Segment Start: THE RECORDS

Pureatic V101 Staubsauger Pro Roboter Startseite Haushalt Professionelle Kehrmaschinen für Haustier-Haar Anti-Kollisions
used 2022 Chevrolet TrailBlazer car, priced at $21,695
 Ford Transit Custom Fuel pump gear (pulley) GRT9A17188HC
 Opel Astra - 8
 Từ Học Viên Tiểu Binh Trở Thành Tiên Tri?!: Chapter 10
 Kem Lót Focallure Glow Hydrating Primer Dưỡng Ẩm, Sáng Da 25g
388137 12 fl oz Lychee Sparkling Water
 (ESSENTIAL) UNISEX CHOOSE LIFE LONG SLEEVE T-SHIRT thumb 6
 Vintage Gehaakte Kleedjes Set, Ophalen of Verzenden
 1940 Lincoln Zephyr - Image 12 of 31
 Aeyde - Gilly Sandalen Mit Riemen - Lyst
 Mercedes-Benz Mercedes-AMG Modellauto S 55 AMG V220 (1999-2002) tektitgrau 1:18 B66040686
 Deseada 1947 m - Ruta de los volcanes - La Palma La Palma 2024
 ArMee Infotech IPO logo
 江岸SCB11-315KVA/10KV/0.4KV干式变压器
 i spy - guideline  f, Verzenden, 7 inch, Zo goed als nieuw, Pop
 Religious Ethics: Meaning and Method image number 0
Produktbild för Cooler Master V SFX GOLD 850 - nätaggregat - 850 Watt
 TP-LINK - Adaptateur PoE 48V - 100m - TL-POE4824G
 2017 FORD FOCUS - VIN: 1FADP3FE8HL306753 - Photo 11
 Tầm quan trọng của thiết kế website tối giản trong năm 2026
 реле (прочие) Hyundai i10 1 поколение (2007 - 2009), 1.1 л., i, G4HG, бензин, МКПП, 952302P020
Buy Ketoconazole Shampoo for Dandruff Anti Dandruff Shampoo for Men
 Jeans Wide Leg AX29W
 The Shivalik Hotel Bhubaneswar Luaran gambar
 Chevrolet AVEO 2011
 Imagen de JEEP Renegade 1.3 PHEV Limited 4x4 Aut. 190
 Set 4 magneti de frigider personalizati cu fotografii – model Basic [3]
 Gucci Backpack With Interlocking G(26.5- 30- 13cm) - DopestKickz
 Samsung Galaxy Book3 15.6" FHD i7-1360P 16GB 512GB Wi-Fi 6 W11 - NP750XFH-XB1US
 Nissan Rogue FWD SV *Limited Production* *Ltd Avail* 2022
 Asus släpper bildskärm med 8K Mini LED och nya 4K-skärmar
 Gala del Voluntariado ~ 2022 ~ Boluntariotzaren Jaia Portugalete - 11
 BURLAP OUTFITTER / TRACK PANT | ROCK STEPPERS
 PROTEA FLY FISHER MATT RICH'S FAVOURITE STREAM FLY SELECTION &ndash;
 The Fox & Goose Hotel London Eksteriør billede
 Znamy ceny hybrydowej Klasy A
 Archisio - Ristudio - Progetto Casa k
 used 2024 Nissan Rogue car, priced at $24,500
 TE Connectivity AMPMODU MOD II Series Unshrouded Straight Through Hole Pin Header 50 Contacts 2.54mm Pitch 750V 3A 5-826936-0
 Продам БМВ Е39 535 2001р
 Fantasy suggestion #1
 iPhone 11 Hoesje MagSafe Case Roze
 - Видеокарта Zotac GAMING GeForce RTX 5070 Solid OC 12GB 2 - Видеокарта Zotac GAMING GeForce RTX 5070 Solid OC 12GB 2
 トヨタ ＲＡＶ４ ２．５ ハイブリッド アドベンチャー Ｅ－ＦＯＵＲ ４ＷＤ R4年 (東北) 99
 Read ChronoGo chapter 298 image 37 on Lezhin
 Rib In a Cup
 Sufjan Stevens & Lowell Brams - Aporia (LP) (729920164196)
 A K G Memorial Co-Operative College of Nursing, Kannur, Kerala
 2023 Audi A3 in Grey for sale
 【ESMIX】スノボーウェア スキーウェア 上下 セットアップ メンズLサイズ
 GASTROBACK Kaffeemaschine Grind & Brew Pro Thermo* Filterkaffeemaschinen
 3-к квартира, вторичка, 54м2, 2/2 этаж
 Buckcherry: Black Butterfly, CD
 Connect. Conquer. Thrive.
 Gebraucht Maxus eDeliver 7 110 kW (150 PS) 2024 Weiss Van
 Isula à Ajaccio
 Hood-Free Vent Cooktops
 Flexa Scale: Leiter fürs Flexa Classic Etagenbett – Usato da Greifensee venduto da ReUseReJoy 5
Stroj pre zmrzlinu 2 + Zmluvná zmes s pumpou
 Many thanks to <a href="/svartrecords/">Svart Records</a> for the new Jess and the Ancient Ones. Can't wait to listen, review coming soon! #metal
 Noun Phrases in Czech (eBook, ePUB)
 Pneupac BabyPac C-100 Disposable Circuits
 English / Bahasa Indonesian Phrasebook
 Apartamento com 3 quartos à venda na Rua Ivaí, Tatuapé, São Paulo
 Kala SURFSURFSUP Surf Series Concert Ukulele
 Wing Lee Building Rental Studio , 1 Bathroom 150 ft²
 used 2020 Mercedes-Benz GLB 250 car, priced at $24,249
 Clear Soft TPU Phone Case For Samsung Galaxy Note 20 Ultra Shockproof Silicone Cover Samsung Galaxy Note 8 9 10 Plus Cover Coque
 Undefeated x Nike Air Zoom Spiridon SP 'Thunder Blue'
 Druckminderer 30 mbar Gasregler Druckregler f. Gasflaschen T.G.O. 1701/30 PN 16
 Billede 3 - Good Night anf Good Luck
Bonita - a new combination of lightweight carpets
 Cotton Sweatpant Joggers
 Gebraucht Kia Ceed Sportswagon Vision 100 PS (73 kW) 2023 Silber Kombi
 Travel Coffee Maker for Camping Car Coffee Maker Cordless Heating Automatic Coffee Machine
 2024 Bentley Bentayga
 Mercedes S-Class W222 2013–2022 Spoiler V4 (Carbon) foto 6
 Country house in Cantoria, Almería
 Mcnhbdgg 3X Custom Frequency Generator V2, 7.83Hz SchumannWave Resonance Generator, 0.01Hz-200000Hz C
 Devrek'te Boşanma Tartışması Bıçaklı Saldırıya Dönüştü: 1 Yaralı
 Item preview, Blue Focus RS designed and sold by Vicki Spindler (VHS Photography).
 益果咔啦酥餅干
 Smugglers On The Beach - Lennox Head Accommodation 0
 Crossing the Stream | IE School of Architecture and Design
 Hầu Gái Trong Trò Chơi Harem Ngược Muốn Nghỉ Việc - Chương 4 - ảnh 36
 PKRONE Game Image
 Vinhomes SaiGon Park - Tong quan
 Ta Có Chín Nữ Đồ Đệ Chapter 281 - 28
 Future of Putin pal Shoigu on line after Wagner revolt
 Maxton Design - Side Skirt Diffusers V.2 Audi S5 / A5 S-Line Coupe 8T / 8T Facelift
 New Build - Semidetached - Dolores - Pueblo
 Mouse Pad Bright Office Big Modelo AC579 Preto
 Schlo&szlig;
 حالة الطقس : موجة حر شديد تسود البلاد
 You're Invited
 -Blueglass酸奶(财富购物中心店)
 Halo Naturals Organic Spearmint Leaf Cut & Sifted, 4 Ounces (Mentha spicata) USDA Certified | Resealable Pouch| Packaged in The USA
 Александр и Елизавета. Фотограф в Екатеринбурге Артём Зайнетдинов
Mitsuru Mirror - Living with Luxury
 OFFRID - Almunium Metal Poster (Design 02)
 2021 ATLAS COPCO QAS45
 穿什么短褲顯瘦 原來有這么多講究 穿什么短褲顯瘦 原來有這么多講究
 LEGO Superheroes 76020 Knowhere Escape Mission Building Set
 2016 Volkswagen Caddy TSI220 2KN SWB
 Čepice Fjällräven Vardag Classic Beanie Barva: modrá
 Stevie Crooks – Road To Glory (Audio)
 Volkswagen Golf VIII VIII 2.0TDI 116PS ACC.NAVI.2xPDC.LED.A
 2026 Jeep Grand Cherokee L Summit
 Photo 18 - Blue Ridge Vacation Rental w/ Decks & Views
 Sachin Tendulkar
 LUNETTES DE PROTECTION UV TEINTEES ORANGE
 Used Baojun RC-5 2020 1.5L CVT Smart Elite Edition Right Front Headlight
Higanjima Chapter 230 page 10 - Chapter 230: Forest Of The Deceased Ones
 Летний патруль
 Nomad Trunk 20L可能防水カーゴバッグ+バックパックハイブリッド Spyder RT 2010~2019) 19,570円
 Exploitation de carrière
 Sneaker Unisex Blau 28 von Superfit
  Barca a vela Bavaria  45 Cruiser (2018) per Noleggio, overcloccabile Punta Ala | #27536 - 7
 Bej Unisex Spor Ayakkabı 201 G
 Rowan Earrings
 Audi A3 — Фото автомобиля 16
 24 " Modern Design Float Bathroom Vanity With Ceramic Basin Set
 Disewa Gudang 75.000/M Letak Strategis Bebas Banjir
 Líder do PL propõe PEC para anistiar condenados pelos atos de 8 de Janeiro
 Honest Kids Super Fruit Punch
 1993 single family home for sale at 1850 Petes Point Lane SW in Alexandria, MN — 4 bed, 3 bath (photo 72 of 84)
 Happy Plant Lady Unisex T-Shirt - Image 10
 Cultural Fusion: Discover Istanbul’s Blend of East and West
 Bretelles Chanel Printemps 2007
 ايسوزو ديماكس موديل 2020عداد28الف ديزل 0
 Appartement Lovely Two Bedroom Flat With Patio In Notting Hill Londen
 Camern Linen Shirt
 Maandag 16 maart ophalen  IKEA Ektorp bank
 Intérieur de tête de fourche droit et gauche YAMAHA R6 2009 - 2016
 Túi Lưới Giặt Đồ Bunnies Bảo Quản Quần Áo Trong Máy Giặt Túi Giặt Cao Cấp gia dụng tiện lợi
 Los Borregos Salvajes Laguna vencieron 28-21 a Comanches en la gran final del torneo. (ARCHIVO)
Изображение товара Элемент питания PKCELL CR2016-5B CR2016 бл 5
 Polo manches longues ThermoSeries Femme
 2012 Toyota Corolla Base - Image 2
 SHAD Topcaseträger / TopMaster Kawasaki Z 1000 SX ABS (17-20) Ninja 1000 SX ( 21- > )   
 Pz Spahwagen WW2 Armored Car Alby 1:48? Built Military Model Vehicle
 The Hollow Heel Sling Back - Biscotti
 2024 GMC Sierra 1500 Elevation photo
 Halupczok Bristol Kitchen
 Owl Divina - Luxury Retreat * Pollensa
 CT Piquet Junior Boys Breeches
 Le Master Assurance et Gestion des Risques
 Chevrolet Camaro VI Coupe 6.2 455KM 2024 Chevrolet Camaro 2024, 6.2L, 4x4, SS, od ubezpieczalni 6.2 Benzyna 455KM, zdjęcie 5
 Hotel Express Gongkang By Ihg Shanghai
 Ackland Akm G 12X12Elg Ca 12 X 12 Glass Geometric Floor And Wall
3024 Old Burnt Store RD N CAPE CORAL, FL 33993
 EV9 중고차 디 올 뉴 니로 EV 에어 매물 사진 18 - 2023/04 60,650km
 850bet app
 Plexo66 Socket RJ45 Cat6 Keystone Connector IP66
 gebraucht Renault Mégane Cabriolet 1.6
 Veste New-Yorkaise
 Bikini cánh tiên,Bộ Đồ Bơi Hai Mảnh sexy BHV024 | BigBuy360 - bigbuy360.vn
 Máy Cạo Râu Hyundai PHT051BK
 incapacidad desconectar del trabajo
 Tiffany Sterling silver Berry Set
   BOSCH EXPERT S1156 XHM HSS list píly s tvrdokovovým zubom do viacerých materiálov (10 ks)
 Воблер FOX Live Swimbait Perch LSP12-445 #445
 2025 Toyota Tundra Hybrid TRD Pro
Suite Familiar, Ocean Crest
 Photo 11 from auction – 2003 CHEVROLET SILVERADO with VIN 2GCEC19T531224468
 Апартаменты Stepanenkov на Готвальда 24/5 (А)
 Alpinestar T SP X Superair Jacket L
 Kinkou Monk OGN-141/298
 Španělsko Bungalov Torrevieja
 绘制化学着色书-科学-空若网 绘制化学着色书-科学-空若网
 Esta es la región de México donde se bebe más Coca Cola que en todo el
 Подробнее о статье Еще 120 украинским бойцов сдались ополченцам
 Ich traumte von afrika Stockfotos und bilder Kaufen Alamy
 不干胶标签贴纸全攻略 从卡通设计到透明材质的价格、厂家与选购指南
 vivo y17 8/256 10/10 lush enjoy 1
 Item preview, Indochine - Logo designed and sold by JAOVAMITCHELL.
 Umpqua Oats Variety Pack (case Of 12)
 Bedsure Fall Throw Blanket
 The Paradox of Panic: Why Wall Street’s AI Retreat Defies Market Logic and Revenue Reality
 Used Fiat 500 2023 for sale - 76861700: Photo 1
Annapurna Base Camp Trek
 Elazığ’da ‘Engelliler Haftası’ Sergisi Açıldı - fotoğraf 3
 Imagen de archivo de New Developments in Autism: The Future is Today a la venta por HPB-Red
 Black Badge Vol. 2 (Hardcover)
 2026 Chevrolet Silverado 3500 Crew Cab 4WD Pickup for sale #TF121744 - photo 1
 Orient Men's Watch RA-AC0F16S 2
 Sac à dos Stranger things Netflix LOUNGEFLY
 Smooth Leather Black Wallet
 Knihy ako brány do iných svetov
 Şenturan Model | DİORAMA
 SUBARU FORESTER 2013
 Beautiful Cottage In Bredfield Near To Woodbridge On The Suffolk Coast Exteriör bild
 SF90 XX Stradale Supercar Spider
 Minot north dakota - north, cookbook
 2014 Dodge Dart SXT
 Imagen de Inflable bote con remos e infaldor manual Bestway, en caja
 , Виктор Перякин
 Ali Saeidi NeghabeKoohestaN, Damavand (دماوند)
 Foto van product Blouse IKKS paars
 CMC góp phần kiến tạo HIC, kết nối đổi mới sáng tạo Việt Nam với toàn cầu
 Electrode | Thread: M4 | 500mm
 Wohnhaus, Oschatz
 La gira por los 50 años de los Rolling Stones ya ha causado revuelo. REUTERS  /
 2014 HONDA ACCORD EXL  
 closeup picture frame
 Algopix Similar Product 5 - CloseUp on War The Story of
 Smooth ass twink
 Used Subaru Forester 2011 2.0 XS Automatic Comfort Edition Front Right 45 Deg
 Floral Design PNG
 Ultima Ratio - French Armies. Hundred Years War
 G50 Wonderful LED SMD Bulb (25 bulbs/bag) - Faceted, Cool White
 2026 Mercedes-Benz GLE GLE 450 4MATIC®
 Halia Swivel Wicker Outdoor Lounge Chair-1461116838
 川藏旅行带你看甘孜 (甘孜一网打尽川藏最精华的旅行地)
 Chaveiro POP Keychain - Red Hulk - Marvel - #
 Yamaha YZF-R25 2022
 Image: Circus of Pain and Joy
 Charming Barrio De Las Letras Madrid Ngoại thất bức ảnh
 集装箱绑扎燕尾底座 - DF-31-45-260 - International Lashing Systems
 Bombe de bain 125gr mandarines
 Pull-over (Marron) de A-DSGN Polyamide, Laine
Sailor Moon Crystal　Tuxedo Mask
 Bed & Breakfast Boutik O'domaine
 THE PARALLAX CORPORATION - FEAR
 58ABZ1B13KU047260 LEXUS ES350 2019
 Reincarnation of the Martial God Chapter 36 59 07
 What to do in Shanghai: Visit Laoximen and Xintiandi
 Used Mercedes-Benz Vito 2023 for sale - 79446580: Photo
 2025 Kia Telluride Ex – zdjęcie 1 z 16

Segment End: THE RECORDS

YOUR GOAL =
In the entries above, locate every line with the word "Hotel" and copy it.

SOLUTION TO THE EXERCISE =
 The Shivalik Hotel Bhubaneswar Luaran gambar
 The Fox & Goose Hotel London Eksteriør billede
 Hotel Express Gongkang By Ihg Shanghai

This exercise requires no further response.